Answer: Life is Divine Principle, Mind, Soul, Spirit. Life is without beginning and without end. Eternity, not time, expresses the thought of Life, and time is no part of eternity. One ceases in proportion as the other is recognized. Time is finite, eternity is forever.
The Court will note, that appellant repeatedly acknowledged her religion; read daily from her Bible and Christian Science textbook; and on one occasion signed a "Consent to Medication" under threats and duress, which she later withdrew. This case is a flagrant disregard for the fundamental principles of liberty upon which this country was established—by the very presidents we pay homage to today.
Signed, Dolores Gimbels, Esquire
My mother's a wraith, a poet, a magician. She is as destructive as Shiva's consort Durga, riding her tiger, slashing with eight or ten arms, a potent force of nature sheaving houses into sticks. She's a big bad wolf with long and pointed ears, a curly-headed little lady who appears each day in bizarre costume wearing badges of her previous existence at the courthouse in Big Bend, asking the clerk to notarize her lawsuits. ("I'm Dolores Taylor Gimbels Ballistreri. Will you please file this?") She's becoming anorexic, her breath is the breath of the damned. Once she was a mother who cut up old ball gowns to turn her daughters into Miss America contestants, but that was long ago in a country I shall call Then. This new time is out of time, irreal time. "Irreal times," says a female Iranian professor in Tehran taking her lipstick off to go out on the street. "Ive coined this word because our lives here are so irreal. I'm going out, so I take my makeup off." She scrubs her lips.
This new time is hallucination and mist. A cloud from the real world, like those I have entered myself.

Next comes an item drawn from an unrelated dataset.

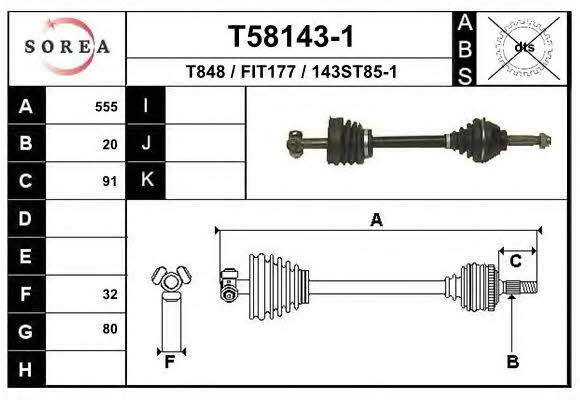 EAI T58143-1 Drive shaft T581431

Heart tight. October 23, 1994. Tel Aviv. Dizengoff Street. Breathing normal. Afternoon show filing time: 6 hours. First report from now for Morning Edition: 45 min. How many dead? What sort of explosive, how much? Where is the bus? Stop, record ambulance siren. Record man, broken English, blood-spattered. "I sit in café over there and the bus come and I listen to the bomb. People, help me help me help me the back door." "You pulled the victims out of the back door?" "Yes. I look, no head no arms no feet. I have problem looking. You go Jerusalem, bomb; you go Tel Aviv, bomb; wherever you go in Israel, bomb. Bibi, Bibi over here! This corner! Hang on, I'll do English in a minute. Gotcha. I told Mr. Rabin repeatedly, Gaza has to be closed, and cleared. Cleared, I say, if they can't be contained. This is the direct responsibility of Yassir Arafat and the Labor Government. Miss, you're how old? 23? From New York? Yes. I was there at 9 o'clock in the morning. I saw decapitated bodies. The police weren't there. It was disgusting. Organs on the gro
und. The body without an arm and without a head right outside my store. And now I don't know. This thing, this terrorism, it's coming to my own home, where I live, where I live. It's coming to where I live."

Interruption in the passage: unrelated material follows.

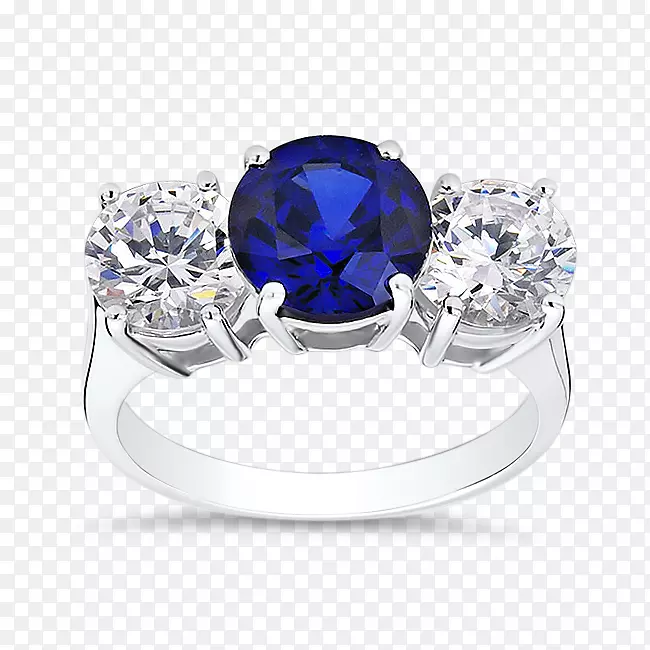 蓝宝石订婚戒指结婚戒指立方氧化锆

Oh, but the end of safety comes to us all. Right to where we live. My dear, someone once said, security is superstition. The fearful are caught as often as the bold. And only faith defends.
They see her every day, dressed in bright colors like a parrot, head cocked as if on a perch. My mother haunts the courthouse. She has become the avatar of her own illness. Florid painted lips, an exotic bird with a ribby cage of vertebrae. "File this, please," she insists to the clerk, her smile as hot as the burner on a stove.